Goal 2: Put mobile on the same level as web
Since nearly half of our business in the U.S. is mobile, we couldn’t afford to build a web version and a mobile version. We needed an architecture where web was just another client using the same APIs as our mobile apps.
Goal 3: Make the site faster
Our site was slower than we wanted. In the rush to handle the growth of the site, the U.S. frontend had accumulated tech debt which made it challenging to optimize. We wanted a solution that didn’t require so much code to serve a request. We wanted something simple.
Goal 4: Let teams move independently
When Groupon was first launched, the site was indeed simple. But since then, we’ve added many new product lines with supported development teams located around the world. We wanted each team to be able to build and deploy their features independently and quickly. We needed to break the interdependency between product teams that existed because everything was in a single codebase.
First, we decided to split each major feature of the website into a separate web application:
We built a web application framework in Node.js that included common features needed by each application to make it easy for our teams to build out these individual web apps.
Sidebar: Why Node.js?
Before building our new frontend layer, we evaluated several different software stacks to see which would be the best fit for us.
We were looking for a solution to a very specific problem – efficiently handling many incoming HTTP requests, making parallel API requests to service each of those HTTP requests, and rendering the results into HTML. We also wanted something that we could confidently monitor, deploy and support.
We wrote prototypes using several software stacks and tested them. We’ll post a more detailed follow-up with the specifics, but overall we found Node.js to be a good fit for this very specific problem.
Next, we added a routing layer on top that forwarded users to the appropriate application based on the page they were visiting:
We built the Groupon routing service (which we call Grout) as an nginx module. It allows us to do lots of cool things like conduct A/B tests between different implementations of the same app on different servers.
And to make all of these independent web apps work smoothly together, we’ve built separate services for sharing layouts and style, maintaining shared configuration and managing A/B test treatments. We’ll post more details on these services in the future.

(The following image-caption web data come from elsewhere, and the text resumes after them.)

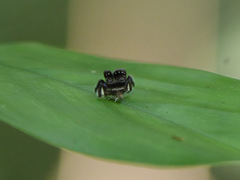 Choreutidae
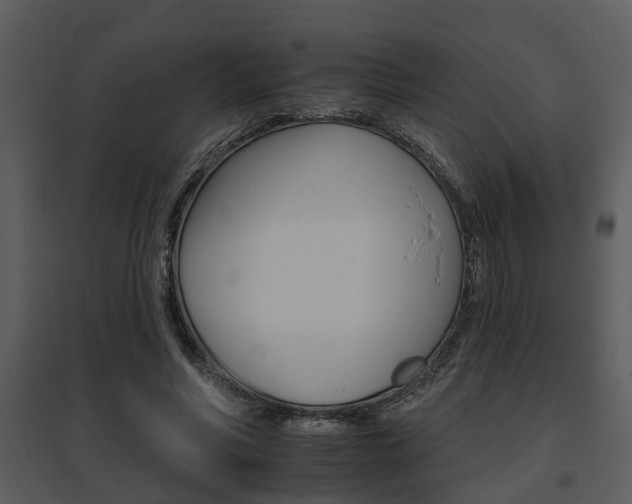 X0000095670590200801081041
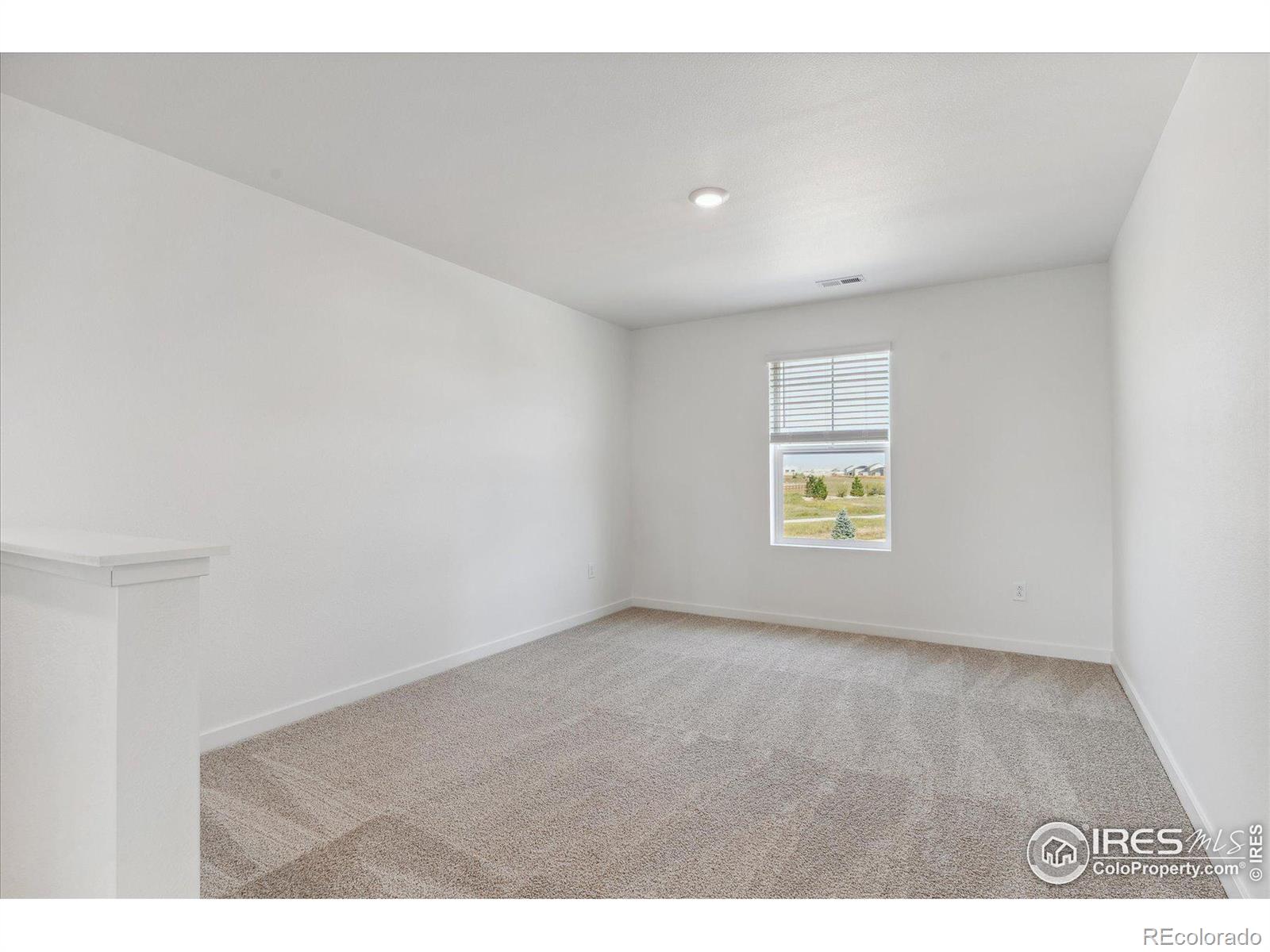 MLS Image #15 for 13603  topaz place,mead, Colorado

All of this sits in front of our API and nothing in the frontend layer is allowed to talk to a database or backend service directly. This allows us to build a single federated API layer that serves both our web and mobile apps:
We are working on unifying our backend systems, but for the short term we still need to support our U.S. and European backends. So we designed our frontend to work for both backends at the same time:
We’ve just finished migrating our U.S. frontend from Ruby to our new Node.js infrastructure. The old monolithic frontend was split up into approximately 20 separate web apps, each of which was a clean rewrite. We’re currently serving 50k rpm off of these servers on an average day, but we expect multiples of that traffic during the holiday season. And that number will increase greatly as we migrate over traffic from our other 48 countries.

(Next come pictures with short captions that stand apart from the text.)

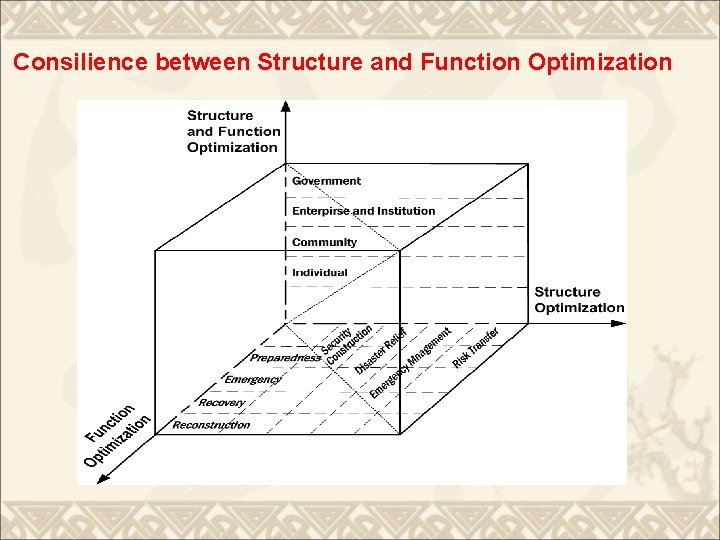 Consilience between Structure and Function Optimization 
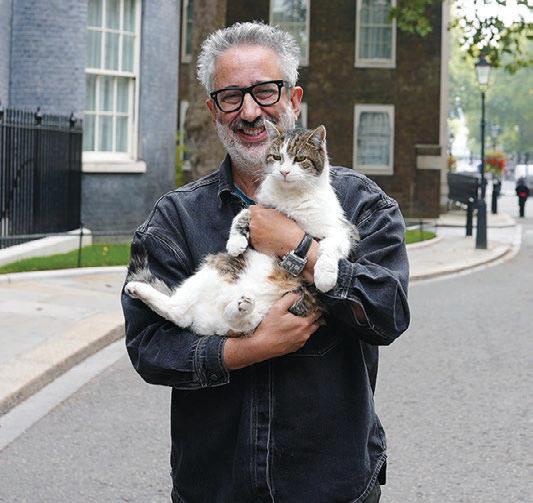 Marvellous moggies!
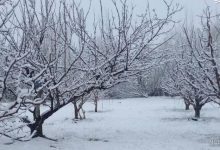 آغاز بارش برف و باران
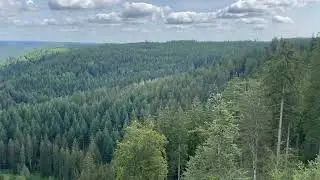Schwarzwald, Baiersbronn, Ellbachseeblick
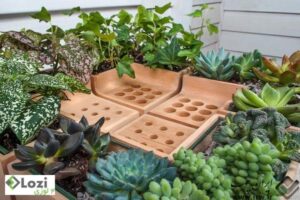 ideas-planter-design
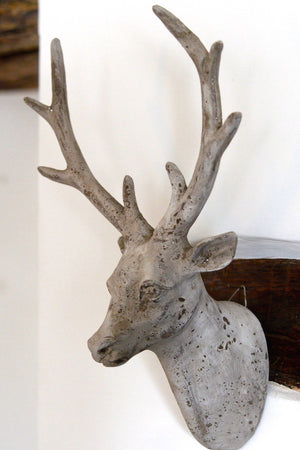 Wall Hung Stag Head - The Forest & Co.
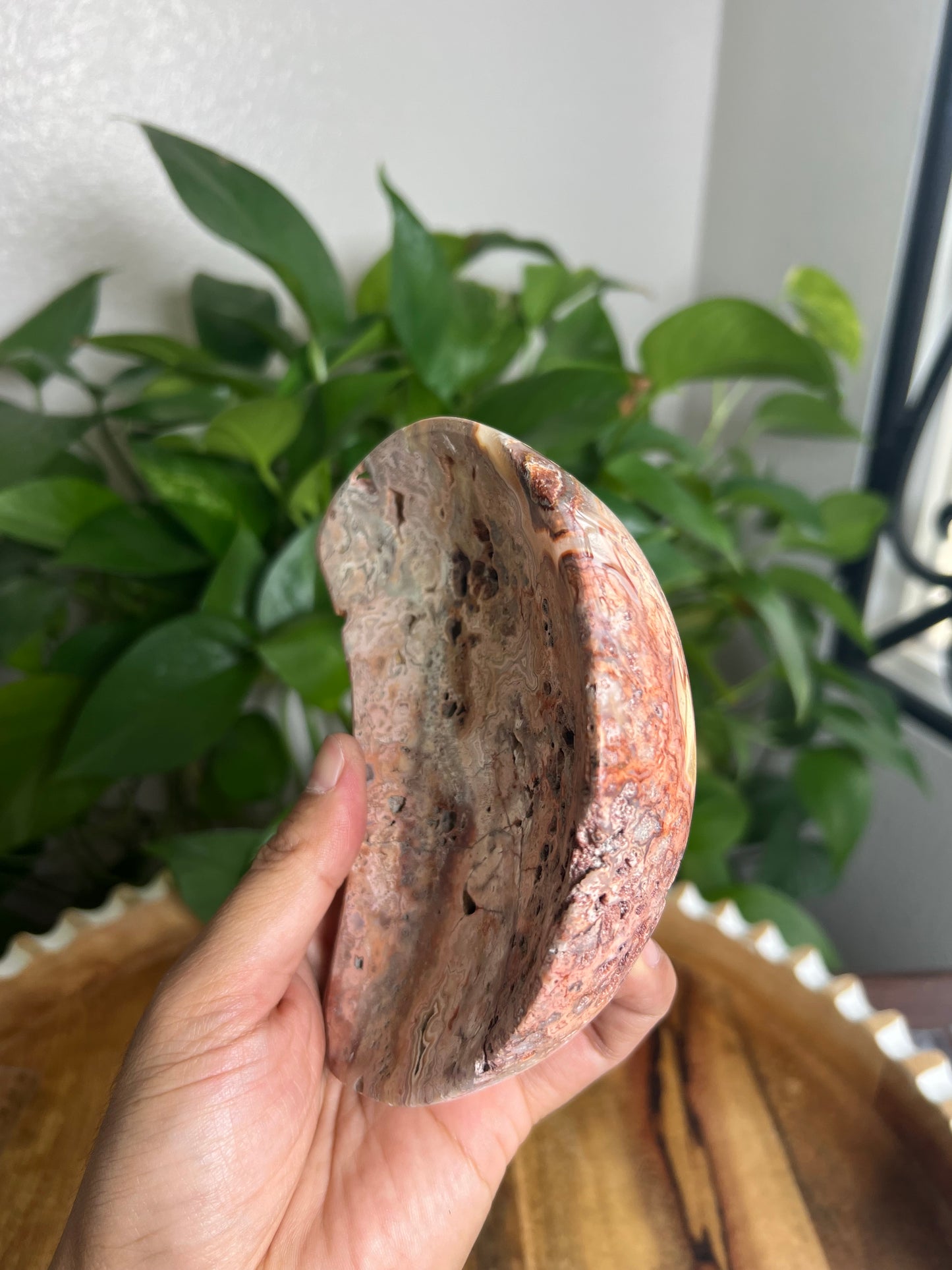 Crazy Lace Agate Moon Bowl: E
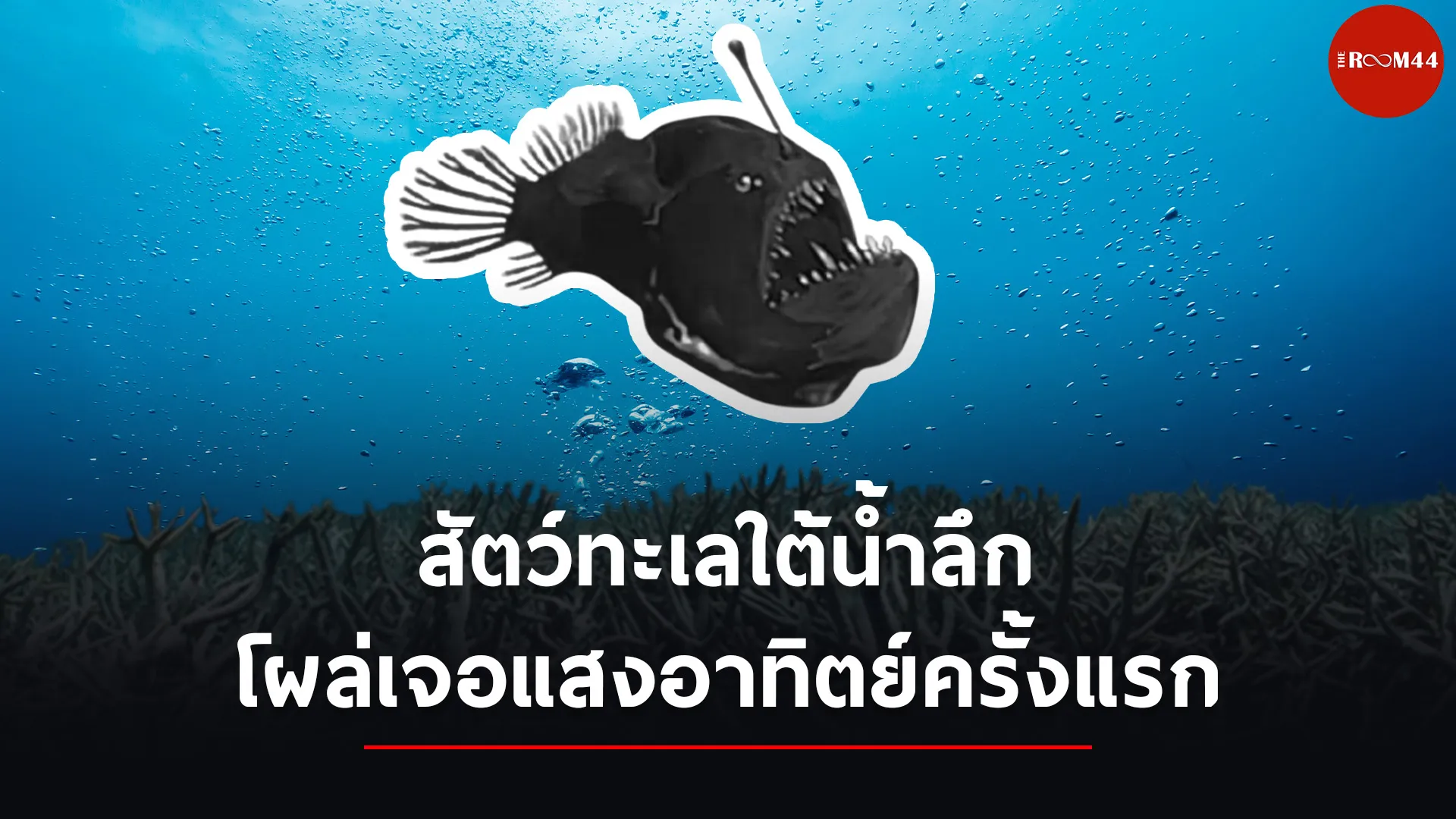 ปกสกู๊ปแนวนอน01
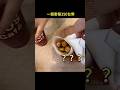 你們覺得貴嗎？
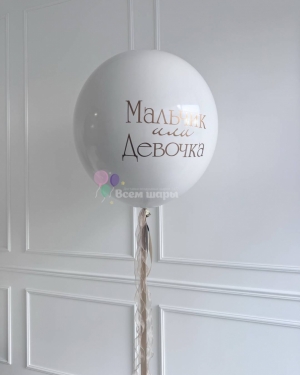 Большой шар на гендер пати с надписью
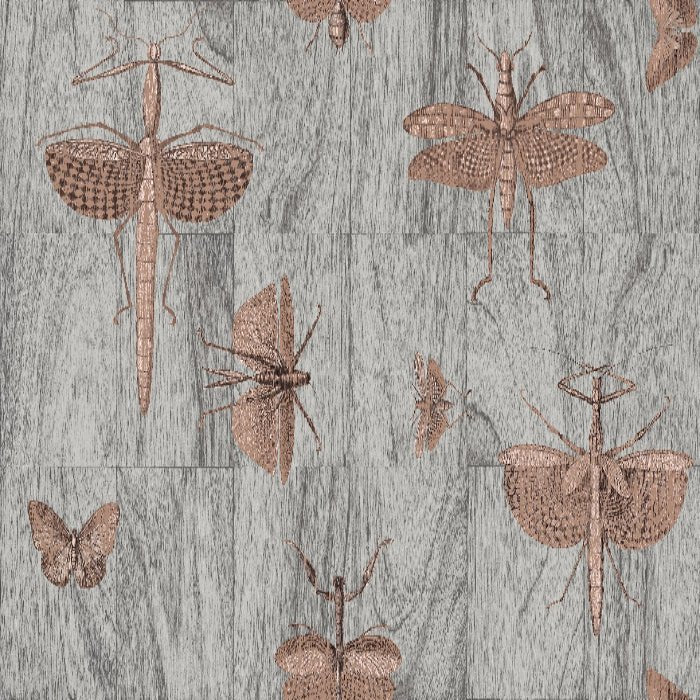 42000 Wings Ligna Arte - Traumfarbe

These are the benefits we’ve seen so far:
- Page loads are faster across the board—typically by 50%. Part of this is due to technology changes and part of this is because we had a chance to rewrite all of our web pages to be much slimmer. And we still expect to make significant gains here as we roll out additional changes.
- We’re serving the same amount of traffic with less hardware compared to the old stack.
- Teams are able to deploy changes to their applications independently.
- We’ve been able to make site-wide feature and design changes much more quickly than we would have been able to with our old architecture.
Overall, this migration has made it possible for our development teams to ship pages more quickly with fewer interdependencies and removed some of the performance limitations of our old platform. But we have many more improvements planned for the future and we’ll be posting details soon.